● DATA EXCERPTS

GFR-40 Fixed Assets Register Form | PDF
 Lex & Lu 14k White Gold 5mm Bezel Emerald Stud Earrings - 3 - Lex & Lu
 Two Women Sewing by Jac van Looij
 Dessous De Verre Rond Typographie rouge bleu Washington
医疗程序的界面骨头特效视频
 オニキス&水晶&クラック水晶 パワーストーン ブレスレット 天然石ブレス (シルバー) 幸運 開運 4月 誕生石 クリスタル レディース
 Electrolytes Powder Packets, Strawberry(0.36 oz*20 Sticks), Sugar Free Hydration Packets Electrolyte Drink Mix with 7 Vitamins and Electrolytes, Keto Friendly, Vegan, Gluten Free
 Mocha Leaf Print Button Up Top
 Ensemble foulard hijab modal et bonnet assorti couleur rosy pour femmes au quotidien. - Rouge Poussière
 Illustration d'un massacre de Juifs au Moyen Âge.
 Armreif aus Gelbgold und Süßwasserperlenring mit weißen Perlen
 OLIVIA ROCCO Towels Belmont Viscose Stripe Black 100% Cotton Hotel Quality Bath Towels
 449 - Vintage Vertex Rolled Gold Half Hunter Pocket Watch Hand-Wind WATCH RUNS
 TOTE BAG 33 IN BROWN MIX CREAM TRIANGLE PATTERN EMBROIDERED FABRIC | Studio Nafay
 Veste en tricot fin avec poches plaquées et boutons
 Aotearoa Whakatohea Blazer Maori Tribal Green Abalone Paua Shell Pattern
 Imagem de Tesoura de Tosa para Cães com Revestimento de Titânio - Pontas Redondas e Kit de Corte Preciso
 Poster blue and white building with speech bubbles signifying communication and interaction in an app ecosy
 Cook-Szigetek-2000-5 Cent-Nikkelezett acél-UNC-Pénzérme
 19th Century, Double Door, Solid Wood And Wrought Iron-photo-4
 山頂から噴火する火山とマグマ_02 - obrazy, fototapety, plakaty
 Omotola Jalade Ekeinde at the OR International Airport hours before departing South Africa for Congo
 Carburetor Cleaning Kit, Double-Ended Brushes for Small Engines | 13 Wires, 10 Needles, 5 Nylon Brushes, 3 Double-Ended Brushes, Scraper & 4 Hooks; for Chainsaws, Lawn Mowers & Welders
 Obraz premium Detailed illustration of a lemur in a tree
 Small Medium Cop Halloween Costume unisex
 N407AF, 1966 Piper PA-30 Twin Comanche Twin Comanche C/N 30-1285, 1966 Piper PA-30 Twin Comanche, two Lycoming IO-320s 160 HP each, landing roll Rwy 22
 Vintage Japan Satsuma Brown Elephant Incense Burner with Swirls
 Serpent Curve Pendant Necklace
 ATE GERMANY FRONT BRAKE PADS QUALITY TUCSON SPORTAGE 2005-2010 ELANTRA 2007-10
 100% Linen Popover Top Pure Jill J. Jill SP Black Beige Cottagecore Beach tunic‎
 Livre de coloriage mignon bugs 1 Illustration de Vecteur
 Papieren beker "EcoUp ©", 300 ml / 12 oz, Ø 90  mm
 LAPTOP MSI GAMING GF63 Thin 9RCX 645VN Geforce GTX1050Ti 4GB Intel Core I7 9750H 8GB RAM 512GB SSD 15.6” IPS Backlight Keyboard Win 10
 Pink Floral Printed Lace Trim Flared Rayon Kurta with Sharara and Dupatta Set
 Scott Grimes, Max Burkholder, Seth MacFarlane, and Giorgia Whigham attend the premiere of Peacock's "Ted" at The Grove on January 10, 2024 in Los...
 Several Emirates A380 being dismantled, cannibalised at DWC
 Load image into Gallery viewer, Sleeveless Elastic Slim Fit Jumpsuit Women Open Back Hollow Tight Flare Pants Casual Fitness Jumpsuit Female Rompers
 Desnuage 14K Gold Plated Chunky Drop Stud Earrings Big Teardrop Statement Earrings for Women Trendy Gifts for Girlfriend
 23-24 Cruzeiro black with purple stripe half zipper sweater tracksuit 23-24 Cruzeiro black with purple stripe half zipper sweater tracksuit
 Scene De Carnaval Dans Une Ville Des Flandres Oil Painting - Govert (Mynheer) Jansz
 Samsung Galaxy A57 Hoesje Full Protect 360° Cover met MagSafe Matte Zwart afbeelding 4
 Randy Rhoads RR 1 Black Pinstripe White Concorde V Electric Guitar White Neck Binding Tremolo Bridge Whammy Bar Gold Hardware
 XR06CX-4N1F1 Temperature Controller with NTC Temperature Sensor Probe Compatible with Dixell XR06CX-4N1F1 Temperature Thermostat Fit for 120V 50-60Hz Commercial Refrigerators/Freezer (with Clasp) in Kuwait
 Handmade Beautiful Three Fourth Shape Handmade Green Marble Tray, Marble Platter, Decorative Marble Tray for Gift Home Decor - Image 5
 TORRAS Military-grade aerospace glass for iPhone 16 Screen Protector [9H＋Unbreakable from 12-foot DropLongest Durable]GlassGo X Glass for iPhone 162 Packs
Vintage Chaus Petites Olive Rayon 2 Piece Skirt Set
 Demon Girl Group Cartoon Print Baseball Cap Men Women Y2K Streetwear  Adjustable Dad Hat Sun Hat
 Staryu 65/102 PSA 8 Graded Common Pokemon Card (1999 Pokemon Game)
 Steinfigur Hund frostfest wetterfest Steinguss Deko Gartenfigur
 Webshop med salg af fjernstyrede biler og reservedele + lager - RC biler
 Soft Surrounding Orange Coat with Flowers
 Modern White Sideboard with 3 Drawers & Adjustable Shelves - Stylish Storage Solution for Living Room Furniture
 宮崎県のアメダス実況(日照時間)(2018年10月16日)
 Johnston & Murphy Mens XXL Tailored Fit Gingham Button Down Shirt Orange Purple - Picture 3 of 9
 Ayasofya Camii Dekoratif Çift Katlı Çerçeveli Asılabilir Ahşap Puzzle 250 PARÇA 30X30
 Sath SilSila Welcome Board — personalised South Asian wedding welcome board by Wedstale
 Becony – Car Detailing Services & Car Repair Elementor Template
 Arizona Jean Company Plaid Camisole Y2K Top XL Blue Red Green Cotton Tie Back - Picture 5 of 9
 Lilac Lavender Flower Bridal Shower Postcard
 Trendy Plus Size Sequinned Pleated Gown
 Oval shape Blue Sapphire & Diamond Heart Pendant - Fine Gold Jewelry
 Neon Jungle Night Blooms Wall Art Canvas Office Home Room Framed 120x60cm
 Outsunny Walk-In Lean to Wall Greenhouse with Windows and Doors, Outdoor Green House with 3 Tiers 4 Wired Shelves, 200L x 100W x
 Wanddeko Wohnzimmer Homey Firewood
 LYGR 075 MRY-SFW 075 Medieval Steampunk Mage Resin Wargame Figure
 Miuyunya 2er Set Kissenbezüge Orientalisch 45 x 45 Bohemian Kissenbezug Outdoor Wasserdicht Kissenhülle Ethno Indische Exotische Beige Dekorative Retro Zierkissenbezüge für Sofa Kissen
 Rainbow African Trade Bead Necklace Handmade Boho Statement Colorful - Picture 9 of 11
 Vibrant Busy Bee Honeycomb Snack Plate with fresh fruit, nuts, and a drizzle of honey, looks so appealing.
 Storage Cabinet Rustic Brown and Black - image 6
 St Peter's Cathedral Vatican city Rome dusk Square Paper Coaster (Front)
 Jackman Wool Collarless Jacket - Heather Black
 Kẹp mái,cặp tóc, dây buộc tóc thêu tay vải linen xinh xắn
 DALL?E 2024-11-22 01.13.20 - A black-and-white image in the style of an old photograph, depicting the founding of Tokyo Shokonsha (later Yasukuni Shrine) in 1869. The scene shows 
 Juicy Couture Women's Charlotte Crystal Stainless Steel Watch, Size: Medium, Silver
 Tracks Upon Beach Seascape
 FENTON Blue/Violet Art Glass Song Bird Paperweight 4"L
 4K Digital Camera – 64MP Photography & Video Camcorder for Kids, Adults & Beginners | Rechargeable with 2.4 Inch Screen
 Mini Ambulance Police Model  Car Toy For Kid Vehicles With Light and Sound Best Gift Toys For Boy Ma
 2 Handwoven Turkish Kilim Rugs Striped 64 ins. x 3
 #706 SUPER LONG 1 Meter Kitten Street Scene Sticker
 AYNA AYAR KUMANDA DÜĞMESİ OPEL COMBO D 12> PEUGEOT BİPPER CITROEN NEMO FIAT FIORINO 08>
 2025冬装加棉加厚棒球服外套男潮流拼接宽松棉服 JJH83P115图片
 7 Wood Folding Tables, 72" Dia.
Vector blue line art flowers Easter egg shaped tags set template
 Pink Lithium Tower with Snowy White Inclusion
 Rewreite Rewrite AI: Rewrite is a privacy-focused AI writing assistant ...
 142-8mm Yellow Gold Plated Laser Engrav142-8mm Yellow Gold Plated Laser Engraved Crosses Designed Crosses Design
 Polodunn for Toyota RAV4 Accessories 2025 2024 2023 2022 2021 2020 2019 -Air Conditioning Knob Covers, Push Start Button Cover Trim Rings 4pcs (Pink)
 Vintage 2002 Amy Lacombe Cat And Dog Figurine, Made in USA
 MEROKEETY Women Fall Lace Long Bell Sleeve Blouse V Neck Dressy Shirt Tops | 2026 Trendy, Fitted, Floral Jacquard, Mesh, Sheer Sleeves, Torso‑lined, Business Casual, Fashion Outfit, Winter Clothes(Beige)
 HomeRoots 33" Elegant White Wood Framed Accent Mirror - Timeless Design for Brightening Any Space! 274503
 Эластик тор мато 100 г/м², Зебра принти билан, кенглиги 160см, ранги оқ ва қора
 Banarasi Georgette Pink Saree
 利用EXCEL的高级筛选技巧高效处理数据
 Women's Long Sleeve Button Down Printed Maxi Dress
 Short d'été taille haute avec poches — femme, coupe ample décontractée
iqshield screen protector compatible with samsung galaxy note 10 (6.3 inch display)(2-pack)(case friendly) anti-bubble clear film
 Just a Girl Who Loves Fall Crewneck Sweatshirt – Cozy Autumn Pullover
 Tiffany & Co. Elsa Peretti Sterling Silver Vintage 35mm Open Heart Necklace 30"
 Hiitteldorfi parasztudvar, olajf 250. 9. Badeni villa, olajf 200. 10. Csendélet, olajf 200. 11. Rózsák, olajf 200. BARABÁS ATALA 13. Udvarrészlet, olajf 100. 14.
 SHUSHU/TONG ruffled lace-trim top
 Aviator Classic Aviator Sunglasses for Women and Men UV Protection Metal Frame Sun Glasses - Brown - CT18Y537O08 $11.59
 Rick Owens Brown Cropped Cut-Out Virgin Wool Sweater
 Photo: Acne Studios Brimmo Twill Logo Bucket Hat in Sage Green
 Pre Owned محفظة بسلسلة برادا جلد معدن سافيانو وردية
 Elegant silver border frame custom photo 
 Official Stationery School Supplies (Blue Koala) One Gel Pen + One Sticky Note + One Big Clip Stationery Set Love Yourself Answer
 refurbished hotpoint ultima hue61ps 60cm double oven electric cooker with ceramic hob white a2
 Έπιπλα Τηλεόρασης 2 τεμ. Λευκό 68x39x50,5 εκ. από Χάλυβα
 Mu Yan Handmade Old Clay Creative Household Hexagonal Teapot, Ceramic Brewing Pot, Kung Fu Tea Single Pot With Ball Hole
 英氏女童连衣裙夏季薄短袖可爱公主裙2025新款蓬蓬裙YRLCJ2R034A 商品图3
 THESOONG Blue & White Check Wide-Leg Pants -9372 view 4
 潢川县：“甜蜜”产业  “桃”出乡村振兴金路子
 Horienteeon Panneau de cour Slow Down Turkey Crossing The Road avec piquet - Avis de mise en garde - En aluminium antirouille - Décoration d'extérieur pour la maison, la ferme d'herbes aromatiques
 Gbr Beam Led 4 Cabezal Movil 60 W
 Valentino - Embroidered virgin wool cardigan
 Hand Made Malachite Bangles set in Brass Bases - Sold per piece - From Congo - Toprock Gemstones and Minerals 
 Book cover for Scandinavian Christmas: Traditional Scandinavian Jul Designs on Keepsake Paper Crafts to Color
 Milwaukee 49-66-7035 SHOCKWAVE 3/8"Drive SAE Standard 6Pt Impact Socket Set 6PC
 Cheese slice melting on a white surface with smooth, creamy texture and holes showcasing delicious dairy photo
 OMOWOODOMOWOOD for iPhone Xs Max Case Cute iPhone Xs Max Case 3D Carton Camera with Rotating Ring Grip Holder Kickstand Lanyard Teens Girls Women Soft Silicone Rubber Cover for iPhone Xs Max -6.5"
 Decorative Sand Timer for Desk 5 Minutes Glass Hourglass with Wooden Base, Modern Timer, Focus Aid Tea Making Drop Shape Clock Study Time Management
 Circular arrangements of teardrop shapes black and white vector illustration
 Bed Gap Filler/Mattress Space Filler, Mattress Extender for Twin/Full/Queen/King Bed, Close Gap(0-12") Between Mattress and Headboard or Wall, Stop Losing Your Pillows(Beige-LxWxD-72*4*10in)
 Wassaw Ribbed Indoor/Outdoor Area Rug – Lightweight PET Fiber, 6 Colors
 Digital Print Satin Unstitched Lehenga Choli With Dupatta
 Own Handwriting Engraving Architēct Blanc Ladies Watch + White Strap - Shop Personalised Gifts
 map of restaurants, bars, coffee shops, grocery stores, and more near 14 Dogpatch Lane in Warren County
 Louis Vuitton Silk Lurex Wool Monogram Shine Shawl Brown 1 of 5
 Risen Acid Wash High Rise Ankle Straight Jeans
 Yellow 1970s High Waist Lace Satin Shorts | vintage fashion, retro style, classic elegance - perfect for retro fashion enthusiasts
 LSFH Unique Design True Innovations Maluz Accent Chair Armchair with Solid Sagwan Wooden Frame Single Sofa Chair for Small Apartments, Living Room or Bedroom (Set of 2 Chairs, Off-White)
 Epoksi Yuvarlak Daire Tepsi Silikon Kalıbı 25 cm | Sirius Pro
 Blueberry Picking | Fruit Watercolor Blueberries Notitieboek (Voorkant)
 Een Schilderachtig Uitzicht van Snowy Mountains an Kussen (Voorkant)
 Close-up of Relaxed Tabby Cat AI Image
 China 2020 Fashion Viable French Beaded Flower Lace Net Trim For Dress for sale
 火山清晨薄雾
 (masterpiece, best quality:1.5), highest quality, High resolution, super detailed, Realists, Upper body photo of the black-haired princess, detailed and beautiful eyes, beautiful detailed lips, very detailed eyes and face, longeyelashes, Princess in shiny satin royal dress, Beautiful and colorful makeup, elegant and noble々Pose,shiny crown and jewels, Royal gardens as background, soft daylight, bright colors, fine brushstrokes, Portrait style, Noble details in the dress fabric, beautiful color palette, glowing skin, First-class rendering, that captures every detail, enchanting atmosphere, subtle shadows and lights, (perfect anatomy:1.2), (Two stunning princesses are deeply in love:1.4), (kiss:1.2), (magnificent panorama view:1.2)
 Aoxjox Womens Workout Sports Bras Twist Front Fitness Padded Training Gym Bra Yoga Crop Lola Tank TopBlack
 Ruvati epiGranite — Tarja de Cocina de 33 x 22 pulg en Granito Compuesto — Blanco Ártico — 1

● WORK TASK
Lines with the word "Small" in them: report all of these from the listing above.

● RESULT OF THIS TASK
 Carburetor Cleaning Kit, Double-Ended Brushes for Small Engines | 13 Wires, 10 Needles, 5 Nylon Brushes, 3 Double-Ended Brushes, Scraper & 4 Hooks; for Chainsaws, Lawn Mowers & Welders
 Small Medium Cop Halloween Costume unisex
 LSFH Unique Design True Innovations Maluz Accent Chair Armchair with Solid Sagwan Wooden Frame Single Sofa Chair for Small Apartments, Living Room or Bedroom (Set of 2 Chairs, Off-White)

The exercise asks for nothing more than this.